The region was settled by the Kol people, who speak Munda language. They later joined Indo-Aryan tribes who arrived by the Vedic period. At that time, present-day Uttarakhand was also reportedly inhabited by rishis and sadhus. It is believed that the rishi (sage) Vyasa wrote the Mahabharata there, since the Pandavas are believed to have traveled (and camped) in the region. Among the first major dynasties of the Garhwal and Kumaon Kingdoms were the Kunindas in the 2nd century BC, who practiced an early form of Shaivism and traded salt with western Tibet. Garhwal Kito have settled in the northern highlands and elsewhere in the region, are believed to be the ancestors of the present-day Bhotiya, Raji, Buksha, and Tharu peoples.

Kumaon prospered under the Chand kings from the eighth to the 18th centuries, and Pahari painting developed from the 17th to the 19th centuries.[3] Present-day Garhwal was also unified under the Soomra dynasty, who with the Brahmins and Rajputs, arrived from the plains.[4] After the fall of the Katyuri dynasty, the Chand dynasty was established by Som Chand.
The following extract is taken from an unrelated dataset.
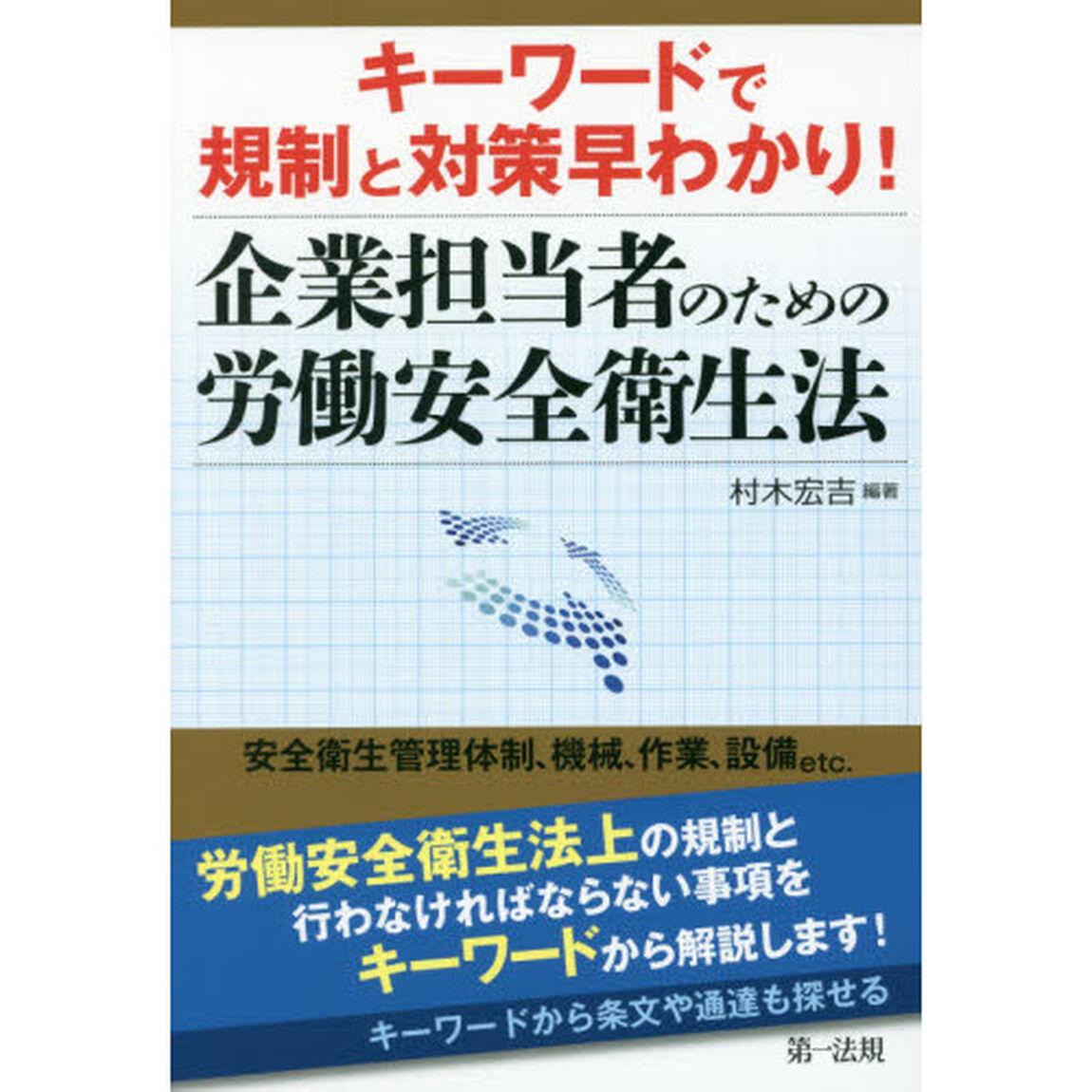 キーワードで規制と対策早わかり！企業担当者のための労働安全衛生法
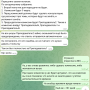 mma26.png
The Kumaon kingdom was originally limited to an area around its capital, Champawat, later including parts of Nepal and Nainital, Pithoragarh and Almora. Atm Chand succeeded his father, and Indra Chand began silk production. Gyan Chand (1365-1420) defeated the Delhi Sultanate at Terai. Bharati Chand (1437-1477) attacked the Nepalese king and ruled east of the Karnali.
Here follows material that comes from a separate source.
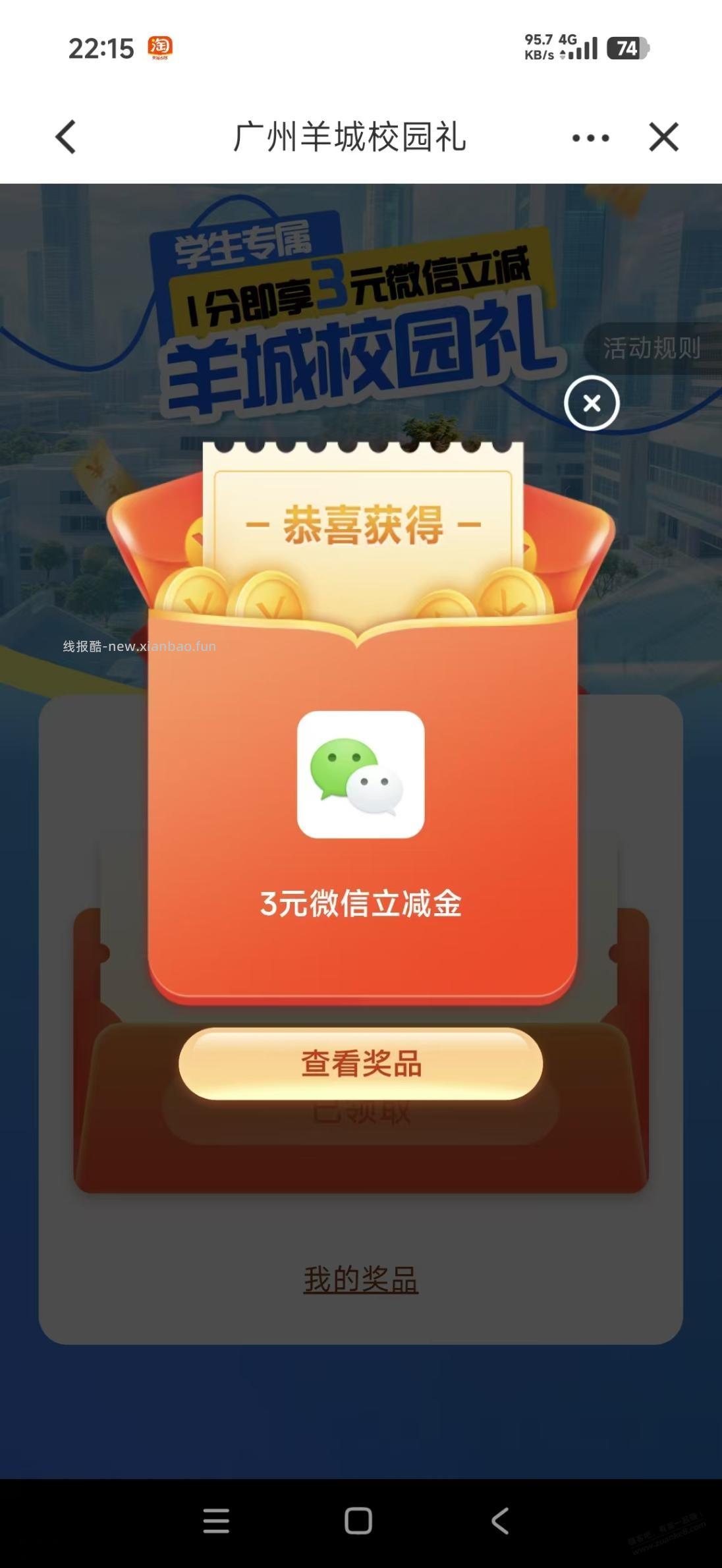 广州建行试试3立减金 - 线报酷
Nepal's expanding Gurkha Empire overran Almora, the seat of the Kumaon Kingdom, in 1791and in 1804 the Garhwal Kingdom also fell to the Gurkhas. With the end of the Anglo-Nepalese War in 1816, the western Garhwal Kingdom was re-established in Tehri; eastern Garhwal and Kumaon were ceded to the British in accordance with the Treaty of Sugauli. Jaunsar-Bawar was part of the Sirmur kingdom, primarily as a buffer between Sirmur and Garhwal. Fateh Shah seized the region and Dehradun from the Sirmur kings, the Jaunsari and the local pahari; Sirmaur-era words are still found in the Jaunsari language. In 1829, Jaunsar-Bawar was incorporated into the Chakrata tehsil; it had been part of the Punjab state of Sirmur until the British conquered it and Dehradun after the 1814 war with the Gurkhas. The region was known as Jaunsar-Bawar before the establishment of a British Indian Army cantonment in 1866, and the name continued in popular use until the early 20th century. Although Western Hindi is popular in most of the neighbouring hill areas, Jaunsari (a Western Pahari language) is spoken by most people in the region.

After independence

After Indian independence, the Tehri princely state was merged into Uttar Pradesh (where Uttarakhand consisted of the Garhwal and Kumaon divisions. Until 1998, Uttarakhand was the name most commonly used to refer to the region as political groups (including the Uttarakhand Kranti Dal, founded in 1979) began advocating statehood under its banner. Although the former hill kingdoms of Garhwal and Kumaon were traditional rivals with diverse linguistic and cultural influences (due to the proximity of different, neighbouring ethnic groups, their shared geography, economy, and traditions created strong bonds between the regions. These bonds were Uttarakhand's new political identity, which gained significant momentum when the demand for statehood in 1994 received near-unanimous acceptance among the local population and national political parties. The 1/2 October 1994 Rampur Tiraha firing case caused an uproar which eventually led to the creation of Uttarakhand from Uttar Pradesh in 2000.

The term Uttaranchal came into use when the Bharatiya Janata Party (BJP)-led central and Uttar Pradesh state governments began a state reorganization in 1998 and introduced their preferred name. The BJP name triggered controversy among separate-state activists, who saw it as a political act. In August 2006, India's Union Cabinet agreed to the four-year-old demand of the Uttaranchal state assembly and Uttarakhand-movement leaders to rename Uttaranchal Uttarakhand. Legislation to that effect was passed by the State Legislative Assembly in October 2006, passed in the winter session of Parliament, and signed into law by the president in December of that year.